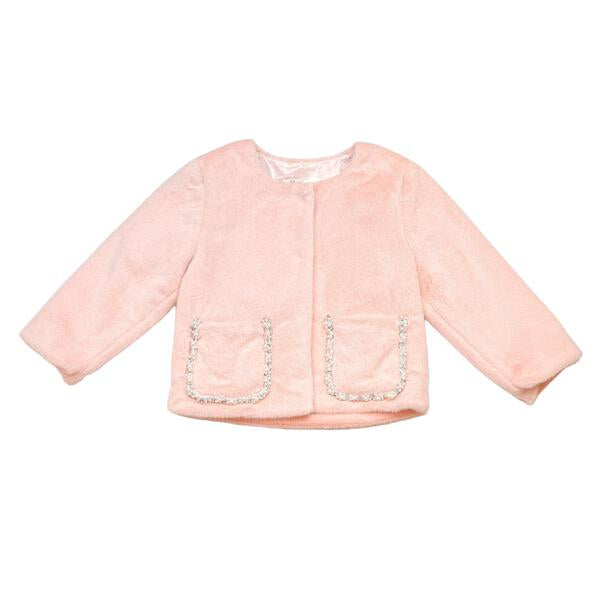 Embellished Trim Pink Fur Jacket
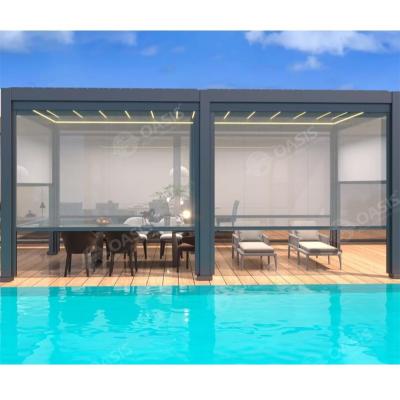 China Fabriek voor de levering van moderne aluminium pergola met elektrische lamellen Heavy Duty type Te koop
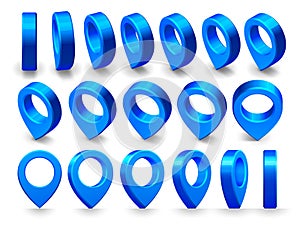 Location pin pointers. Map navigation 3d pins, navigate locations pointer and maps navigator locate marker isolated vector set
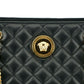 Versace Black Quilted Nappa Leather Medusa Tote Handbag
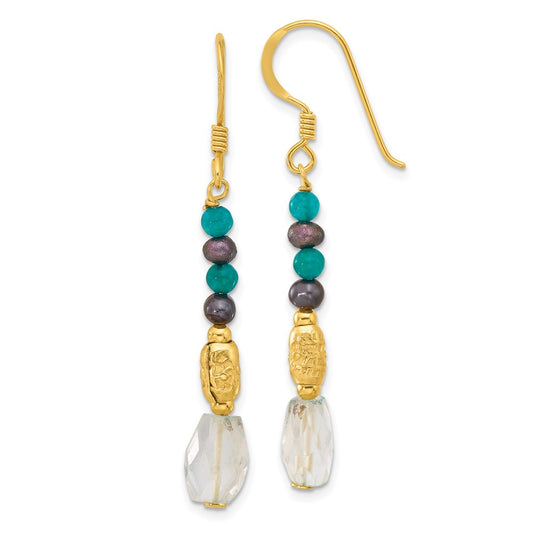 Sterling Silver Gold-plated Polished & Textured Black Freshwater Cultured Pearl & Blue Quartz Beaded Dangle Earrings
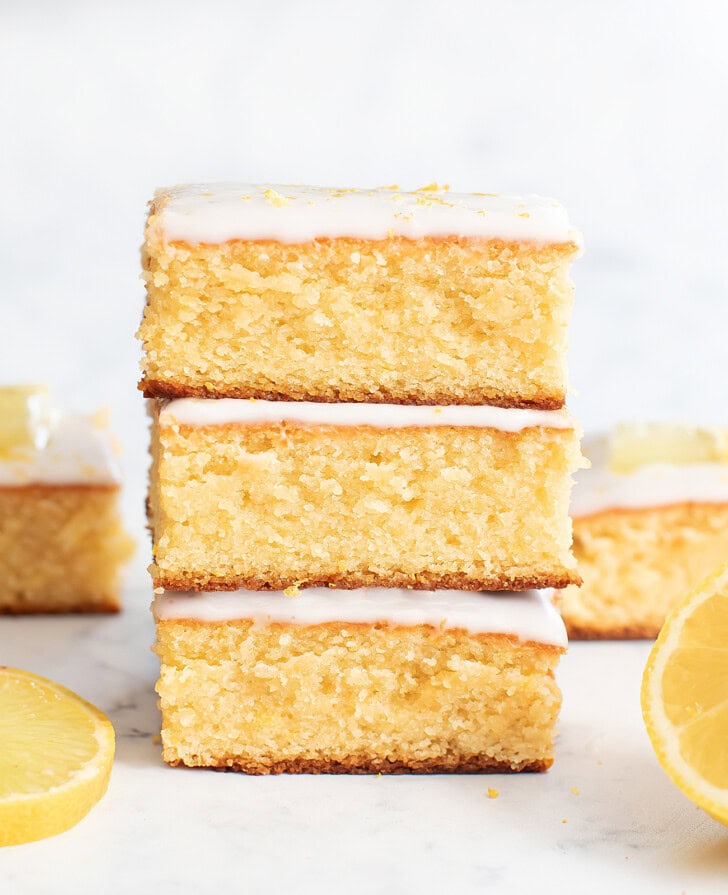 A stack of three lemon brownies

▸ Requirement: The lines running from the one with "Versace Black Quilted" to the close of the material above are to be retyped exactly; no picture is to be included.

▸ Exercise result:
 Versace Black Quilted Nappa Leather Medusa Tote Handbag
 Sterling Silver Gold-plated Polished & Textured Black Freshwater Cultured Pearl & Blue Quartz Beaded Dangle Earrings
 A stack of three lemon brownies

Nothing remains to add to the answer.